---- Input data

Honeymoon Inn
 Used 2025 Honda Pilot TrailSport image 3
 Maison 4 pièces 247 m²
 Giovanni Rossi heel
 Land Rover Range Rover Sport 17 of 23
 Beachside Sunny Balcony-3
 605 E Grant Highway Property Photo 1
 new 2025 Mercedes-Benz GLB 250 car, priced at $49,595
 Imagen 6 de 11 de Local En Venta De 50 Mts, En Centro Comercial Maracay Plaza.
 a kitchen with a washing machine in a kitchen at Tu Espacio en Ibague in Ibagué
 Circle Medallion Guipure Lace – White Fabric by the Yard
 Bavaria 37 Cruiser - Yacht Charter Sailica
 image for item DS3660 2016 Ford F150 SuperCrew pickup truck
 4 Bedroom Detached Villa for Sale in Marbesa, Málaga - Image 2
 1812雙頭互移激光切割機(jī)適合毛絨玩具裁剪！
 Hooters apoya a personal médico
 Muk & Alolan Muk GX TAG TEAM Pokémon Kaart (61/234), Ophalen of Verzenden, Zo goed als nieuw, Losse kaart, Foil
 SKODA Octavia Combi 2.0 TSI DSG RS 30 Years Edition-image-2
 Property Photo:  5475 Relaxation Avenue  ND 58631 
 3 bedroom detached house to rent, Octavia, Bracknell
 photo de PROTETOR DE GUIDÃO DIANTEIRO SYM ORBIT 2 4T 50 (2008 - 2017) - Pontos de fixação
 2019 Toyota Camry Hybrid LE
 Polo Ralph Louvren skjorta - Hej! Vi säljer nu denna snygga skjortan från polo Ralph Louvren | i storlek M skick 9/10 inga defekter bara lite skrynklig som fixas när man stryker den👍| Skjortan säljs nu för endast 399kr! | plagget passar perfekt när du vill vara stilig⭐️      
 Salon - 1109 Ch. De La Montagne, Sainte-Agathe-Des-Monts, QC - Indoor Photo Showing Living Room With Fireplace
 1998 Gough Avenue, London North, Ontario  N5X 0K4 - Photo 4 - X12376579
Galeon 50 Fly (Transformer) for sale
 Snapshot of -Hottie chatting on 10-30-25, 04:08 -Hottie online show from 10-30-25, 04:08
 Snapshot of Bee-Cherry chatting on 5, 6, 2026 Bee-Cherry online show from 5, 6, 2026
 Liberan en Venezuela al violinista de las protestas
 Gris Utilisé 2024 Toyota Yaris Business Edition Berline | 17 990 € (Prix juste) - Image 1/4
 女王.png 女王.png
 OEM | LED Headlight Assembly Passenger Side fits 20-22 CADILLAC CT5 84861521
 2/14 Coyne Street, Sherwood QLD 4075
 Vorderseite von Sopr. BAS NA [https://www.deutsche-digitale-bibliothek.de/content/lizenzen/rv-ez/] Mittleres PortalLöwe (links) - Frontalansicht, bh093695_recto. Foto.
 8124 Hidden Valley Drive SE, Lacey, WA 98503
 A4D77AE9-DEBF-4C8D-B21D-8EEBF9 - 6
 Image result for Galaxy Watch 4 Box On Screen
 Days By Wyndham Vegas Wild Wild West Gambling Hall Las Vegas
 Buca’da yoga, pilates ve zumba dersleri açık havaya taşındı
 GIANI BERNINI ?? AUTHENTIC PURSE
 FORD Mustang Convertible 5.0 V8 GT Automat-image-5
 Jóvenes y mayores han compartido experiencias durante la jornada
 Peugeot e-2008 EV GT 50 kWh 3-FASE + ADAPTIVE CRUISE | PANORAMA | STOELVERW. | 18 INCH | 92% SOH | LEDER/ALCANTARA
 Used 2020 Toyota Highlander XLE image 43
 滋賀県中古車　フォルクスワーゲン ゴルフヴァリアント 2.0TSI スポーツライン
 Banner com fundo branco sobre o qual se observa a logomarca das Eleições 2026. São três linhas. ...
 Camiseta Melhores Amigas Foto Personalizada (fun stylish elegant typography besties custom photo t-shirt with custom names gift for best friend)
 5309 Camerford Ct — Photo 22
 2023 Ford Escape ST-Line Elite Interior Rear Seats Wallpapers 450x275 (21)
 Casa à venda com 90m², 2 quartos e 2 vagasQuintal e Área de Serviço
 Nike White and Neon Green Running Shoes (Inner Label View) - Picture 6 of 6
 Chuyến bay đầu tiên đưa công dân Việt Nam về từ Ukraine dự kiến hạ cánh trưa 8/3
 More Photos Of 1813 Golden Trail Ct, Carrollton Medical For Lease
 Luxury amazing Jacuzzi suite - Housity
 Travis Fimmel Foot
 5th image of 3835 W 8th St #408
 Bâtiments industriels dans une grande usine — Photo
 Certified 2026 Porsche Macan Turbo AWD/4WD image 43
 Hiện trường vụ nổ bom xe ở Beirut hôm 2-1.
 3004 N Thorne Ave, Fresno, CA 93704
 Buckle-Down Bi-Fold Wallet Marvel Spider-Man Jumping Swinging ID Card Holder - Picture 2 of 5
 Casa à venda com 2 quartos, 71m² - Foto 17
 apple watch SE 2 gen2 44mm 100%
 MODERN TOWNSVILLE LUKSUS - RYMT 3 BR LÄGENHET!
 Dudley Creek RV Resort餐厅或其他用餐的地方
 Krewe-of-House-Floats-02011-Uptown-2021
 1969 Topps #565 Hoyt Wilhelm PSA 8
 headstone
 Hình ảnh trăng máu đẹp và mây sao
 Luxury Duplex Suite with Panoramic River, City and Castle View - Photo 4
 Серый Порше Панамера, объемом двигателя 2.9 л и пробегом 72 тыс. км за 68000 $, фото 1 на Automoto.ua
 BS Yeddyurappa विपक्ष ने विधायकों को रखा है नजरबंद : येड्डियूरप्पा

--------

* _What you will do_: Would you restate exactly the lines of the material above, from its opening line through the line with "Bavaria 37 Cruiser - Yacht Charter Sailica", and output only those?

* _Answer to the exercise_:
Honeymoon Inn
 Used 2025 Honda Pilot TrailSport image 3
 Maison 4 pièces 247 m²
 Giovanni Rossi heel
 Land Rover Range Rover Sport 17 of 23
 Beachside Sunny Balcony-3
 605 E Grant Highway Property Photo 1
 new 2025 Mercedes-Benz GLB 250 car, priced at $49,595
 Imagen 6 de 11 de Local En Venta De 50 Mts, En Centro Comercial Maracay Plaza.
 a kitchen with a washing machine in a kitchen at Tu Espacio en Ibague in Ibagué
 Circle Medallion Guipure Lace – White Fabric by the Yard
 Bavaria 37 Cruiser - Yacht Charter Sailica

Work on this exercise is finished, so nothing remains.